Please output the listing that follows exactly, but keep all images out.

◆ Raw data:
▼▼▼
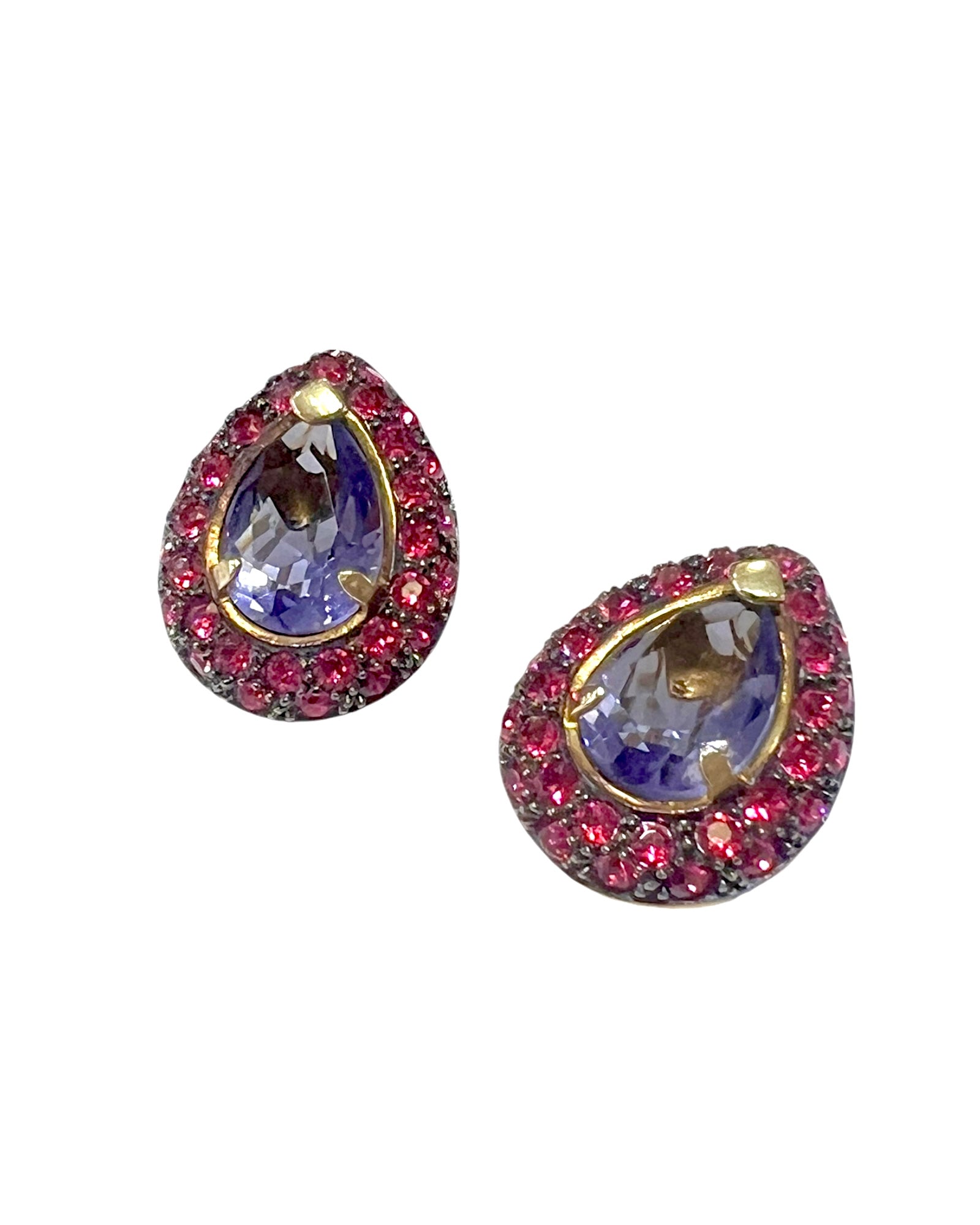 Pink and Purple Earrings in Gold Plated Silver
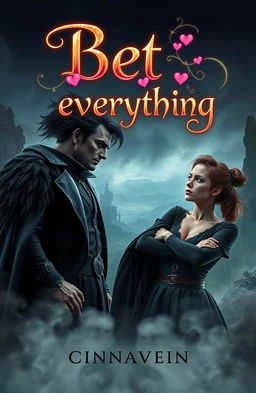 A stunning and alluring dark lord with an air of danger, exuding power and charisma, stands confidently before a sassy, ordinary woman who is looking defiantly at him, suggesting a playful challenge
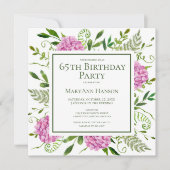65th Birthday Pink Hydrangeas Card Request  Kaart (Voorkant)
▲▲▲
◆ Written solution:
 Pink and Purple Earrings in Gold Plated Silver
 A stunning and alluring dark lord with an air of danger, exuding power and charisma, stands confidently before a sassy, ordinary woman who is looking defiantly at him, suggesting a playful challenge
65th Birthday Pink Hydrangeas Card Request  Kaart (Voorkant)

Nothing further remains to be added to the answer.